Zärtlichkeit im Zersetzungsprozess

Und dann diese leisen Momente. „The Day That I Met God“ ist keine spirituelle Erlösung, sondern ein innerer Monolog, zart orchestriert, fast flüchtig. Mansons Stimme bricht – und gerade darin liegt ihre Kraft. Die Verletzlichkeit macht das Album nicht weicher, sondern glaubwürdiger. Denn Hoffnung, das lernt man hier, ist kein Pathos, sondern ein Muskel – er wächst durch Schmerz.

Zwischen Fragment und Fanal

‘Let All That We Imagine Be The Light’ ist kein Konzeptalbum, sondern ein Flickenteppich aus Überzeugungen, Zweifeln und Trotz.
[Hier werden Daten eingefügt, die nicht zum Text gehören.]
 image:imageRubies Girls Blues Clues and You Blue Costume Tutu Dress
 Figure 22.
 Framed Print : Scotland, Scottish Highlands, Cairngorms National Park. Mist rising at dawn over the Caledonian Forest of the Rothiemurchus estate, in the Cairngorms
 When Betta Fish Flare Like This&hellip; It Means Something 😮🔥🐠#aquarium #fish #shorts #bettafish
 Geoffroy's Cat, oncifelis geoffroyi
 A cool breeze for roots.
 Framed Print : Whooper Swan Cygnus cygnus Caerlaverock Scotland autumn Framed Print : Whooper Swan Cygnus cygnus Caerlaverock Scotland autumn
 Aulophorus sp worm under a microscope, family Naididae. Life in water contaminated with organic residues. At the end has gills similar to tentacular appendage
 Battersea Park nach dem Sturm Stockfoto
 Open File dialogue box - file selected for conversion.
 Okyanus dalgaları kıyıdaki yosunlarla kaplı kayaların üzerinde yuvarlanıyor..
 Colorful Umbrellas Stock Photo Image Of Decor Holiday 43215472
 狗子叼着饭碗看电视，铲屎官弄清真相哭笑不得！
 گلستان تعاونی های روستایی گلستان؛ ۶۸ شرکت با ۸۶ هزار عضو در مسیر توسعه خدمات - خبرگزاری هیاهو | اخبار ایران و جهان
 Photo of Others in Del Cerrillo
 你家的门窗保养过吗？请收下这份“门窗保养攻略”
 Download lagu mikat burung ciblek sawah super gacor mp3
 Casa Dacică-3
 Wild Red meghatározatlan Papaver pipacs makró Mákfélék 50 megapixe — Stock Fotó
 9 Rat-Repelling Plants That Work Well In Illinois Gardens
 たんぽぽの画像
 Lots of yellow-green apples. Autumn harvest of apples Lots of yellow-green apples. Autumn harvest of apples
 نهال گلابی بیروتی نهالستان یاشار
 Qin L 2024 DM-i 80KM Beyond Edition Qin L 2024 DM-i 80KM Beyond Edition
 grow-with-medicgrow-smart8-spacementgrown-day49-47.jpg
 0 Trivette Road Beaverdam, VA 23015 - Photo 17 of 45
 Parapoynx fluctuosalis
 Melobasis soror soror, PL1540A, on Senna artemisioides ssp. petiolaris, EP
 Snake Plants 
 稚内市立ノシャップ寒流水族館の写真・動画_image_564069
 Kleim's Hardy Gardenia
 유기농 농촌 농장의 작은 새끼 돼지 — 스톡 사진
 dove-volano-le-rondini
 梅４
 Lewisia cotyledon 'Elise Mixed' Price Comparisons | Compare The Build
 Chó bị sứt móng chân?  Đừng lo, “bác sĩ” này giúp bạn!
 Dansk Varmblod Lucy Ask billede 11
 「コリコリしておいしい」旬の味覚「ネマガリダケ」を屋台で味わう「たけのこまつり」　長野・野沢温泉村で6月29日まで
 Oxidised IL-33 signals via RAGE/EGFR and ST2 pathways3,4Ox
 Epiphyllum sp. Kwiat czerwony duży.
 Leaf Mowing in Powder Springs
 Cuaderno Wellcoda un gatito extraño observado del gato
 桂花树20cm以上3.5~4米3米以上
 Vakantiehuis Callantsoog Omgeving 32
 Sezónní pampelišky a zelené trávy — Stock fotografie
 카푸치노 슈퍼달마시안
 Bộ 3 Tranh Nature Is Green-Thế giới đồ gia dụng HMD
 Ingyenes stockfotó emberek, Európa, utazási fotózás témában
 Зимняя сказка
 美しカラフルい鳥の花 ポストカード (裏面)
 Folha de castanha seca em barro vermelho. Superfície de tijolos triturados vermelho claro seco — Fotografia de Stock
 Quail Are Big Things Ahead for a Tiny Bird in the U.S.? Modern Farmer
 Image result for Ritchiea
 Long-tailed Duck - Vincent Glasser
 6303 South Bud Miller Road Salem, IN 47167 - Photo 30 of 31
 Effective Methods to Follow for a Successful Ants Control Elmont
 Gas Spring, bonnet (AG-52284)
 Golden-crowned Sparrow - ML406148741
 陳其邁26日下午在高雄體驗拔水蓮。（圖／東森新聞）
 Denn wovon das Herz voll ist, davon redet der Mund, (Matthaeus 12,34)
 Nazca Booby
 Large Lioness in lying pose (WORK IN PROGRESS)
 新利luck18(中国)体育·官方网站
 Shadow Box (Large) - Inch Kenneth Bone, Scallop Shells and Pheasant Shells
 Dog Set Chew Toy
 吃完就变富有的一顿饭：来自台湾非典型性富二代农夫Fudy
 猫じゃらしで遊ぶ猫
Manches wirkt spröde, manches überfrachtet – aber genau diese Brüchigkeit macht das Album so gegenwärtig. Es ist keine glatte Erzählung, sondern eine mit Rissen, durch die Licht dringt.

Garbage liefern mit diesem Album keine Abrechnung, sondern ein Bekenntnis: zur Imagination, zur Wut, zur Liebe – und zum Weitermachen. ‘Let All That We Imagine Be The Light’ ist kein Album für die Charts, sondern für die innere Wetterlage. Wer zuhört, hört nicht nur Musik, sondern eine Haltung. Und die ist selten geworden.